Prevent downtime #177

Changaco · 2016-02-22T08:37:57Z

The site was out for about an hour this morning, and it seems to be OpenShift's fault. 😠 😞

This message appeared in the rhc tail I had running:

The system is going down for reboot in 1 minute!
This node will restart in 1 minutes. Please save your work. [Rebooting nodes via Ansible]

I see no error message indicating why the app wasn't restarted after the reboot.

rhc app restart brought the site back.

The text was updated successfully, but these errors were encountered:

Changaco · 2016-02-23T10:46:39Z

It looks like CloudFlare doesn't have alerts, they invite you to use Pingdom instead, which is probably great for Pingdom's business, but sucks for us and our users. I really wish we had our own infrastructure.

Changaco · 2016-02-29T08:55:10Z

The server rebooted again during the night. Fortunately this time I was running a monitoring script that restarted the app automatically. The site was down for about 15 minutes according to the logs, which is still an unacceptably long time.

Changaco · 2016-02-29T13:38:26Z

We've talked about this in IRC. I've sent an email to http://bearstech.com/ asking if they can provide us with an alternative to hosting on OpenShift.

Changaco · 2016-06-20T14:53:13Z

CloudFlare had some issues in Europe today, at least one of our users was affected, he got a timeout error page and reported the problem on Twitter.

ghost · 2016-06-20T14:59:04Z

Hello I'm the whiner from Twitter :-)
What about let go Cloudflare ? It's a very painful-in-the-ass product, block Tor, don't work in EU...

angristan · 2016-06-20T15:05:20Z

Why are you using openshift ? It seems pretty expensive.

angristan · 2016-06-20T15:06:31Z

@matunixe

What about let go Cloudflare ? It's a very painful-in-the-ass product, block Tor, don't work in EU...

Work perfectly in EU, it has only has issues today.

Changaco · 2016-06-20T15:28:53Z

What about let go Cloudflare ?

What would we replace it with? There are reasons why we use CloudFlare, and for the most part it does the job well.

As I've said before I wish we had our own infrastructure, but that costs time and money, and we're short on both.

It's a very painful-in-the-ass product, block Tor, don't work in EU...

We've already white-listed Tor. As for today's connectivity issues, they could have happened to any Internet service provider.

Why are you using openshift ? It seems pretty expensive.

We're using OpenShift Online, which is free. They're in the process of relaunching it with a container-based infrastructure, so their website may be confusing right now.
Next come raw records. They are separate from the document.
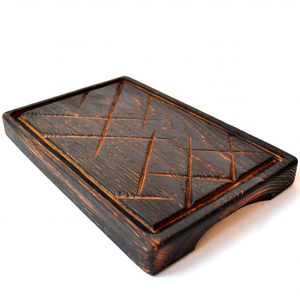 Plateau en bois de chêne clair, épais et solide, fait à la main, un design Unique, pour les steaks - Product Image 1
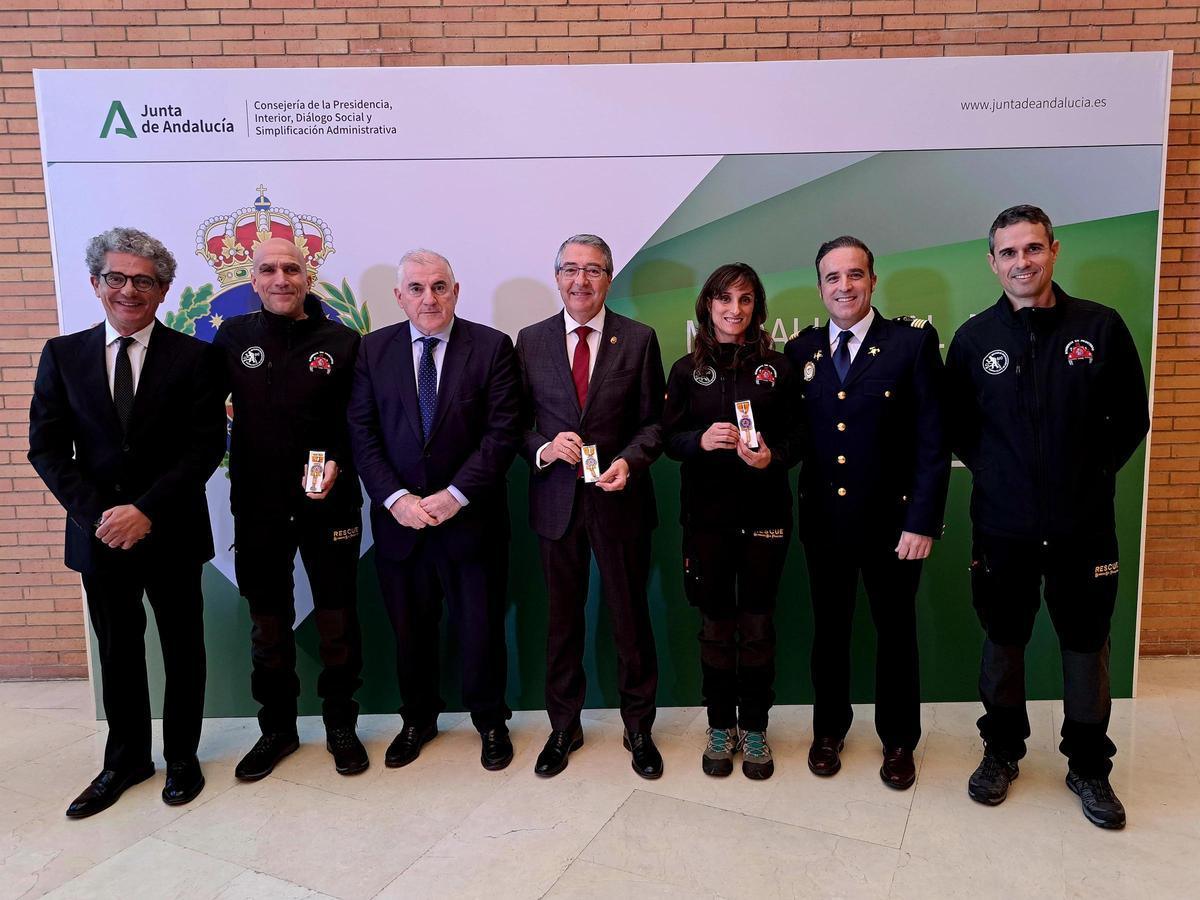 El presidente de la Diputación de Málaga, Francisco Salado, en el centro, con la distinción.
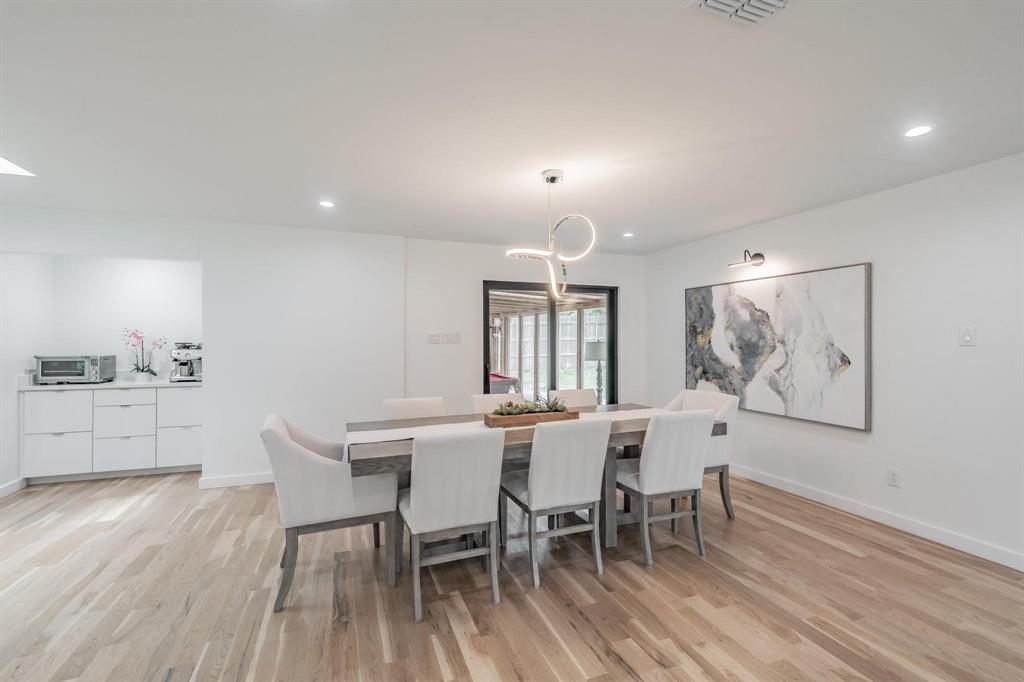 3641 Timberview Road Dallas, TX 75229 - Photo 11 of 29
kindlyfire · 2016-06-20T17:15:46Z

For monitoring a website, https://www.nixstats.com/ is a nice service.

Changaco · 2016-11-07T16:32:18Z

Here's how we can work around CloudFlare's lack of alerts: instead of pinging the site every few minutes with an HTTP request, let's make the app ping a monitoring server continuously with small TCP packets. That way we can detect downtime almost instantly, without overloading the app and spamming its logs with lots of ping HTTP requests.
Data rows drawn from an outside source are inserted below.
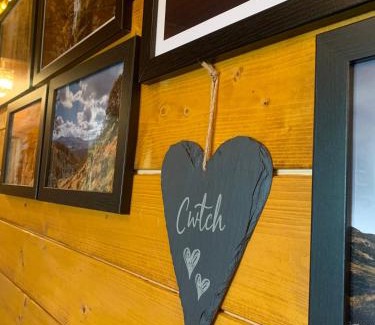 Welshpool Ski Chalet | Cherry Cabin - Little Log Cabin in Wales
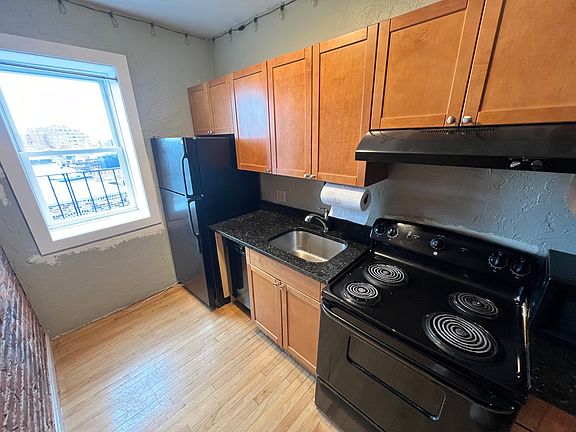 3rd image of 4 Michelangelo St #9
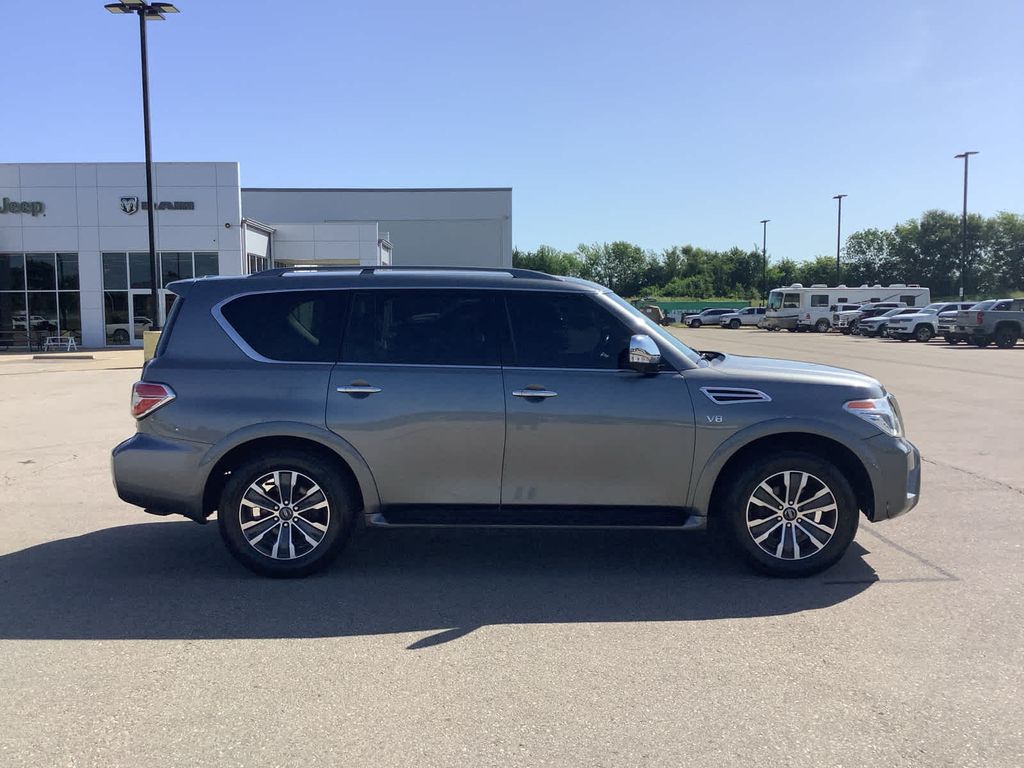 2020 Nissan Armada SL photo 6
Changaco · 2016-12-03T14:03:20Z

We have another problem which is the postgresql server dying for no apparent reason. It's happened more than a few times now. I need to figure out why, and make the python code restart postgres automatically in production (instead of quitting without even sending an alert).

Changaco · 2017-01-01T10:15:36Z

Upgrading PostgreSQL may be part of the solution: liberapay/openshift-cartridge-postgres#4. We're not set up for zero-downtime upgrades though (liberapay/openshift-cartridge-postgres#5).

Changaco · 2017-01-07T10:25:00Z

I've just upgraded postgresql from 9.4.5 to 9.4.10 in production. We had a few minutes of downtime, but on the bright side #480 worked perfectly: visitors saw a proper 503 page, I received a Sentry alert, and the app recovered automatically once the new version of postgres was installed.

Changaco · 2017-01-07T20:35:23Z

There's one option we haven't considered yet: moving "down" to AWS. It's what we're currently running on through OpenShift, but getting rid of the abstraction layer would open up many possibilities.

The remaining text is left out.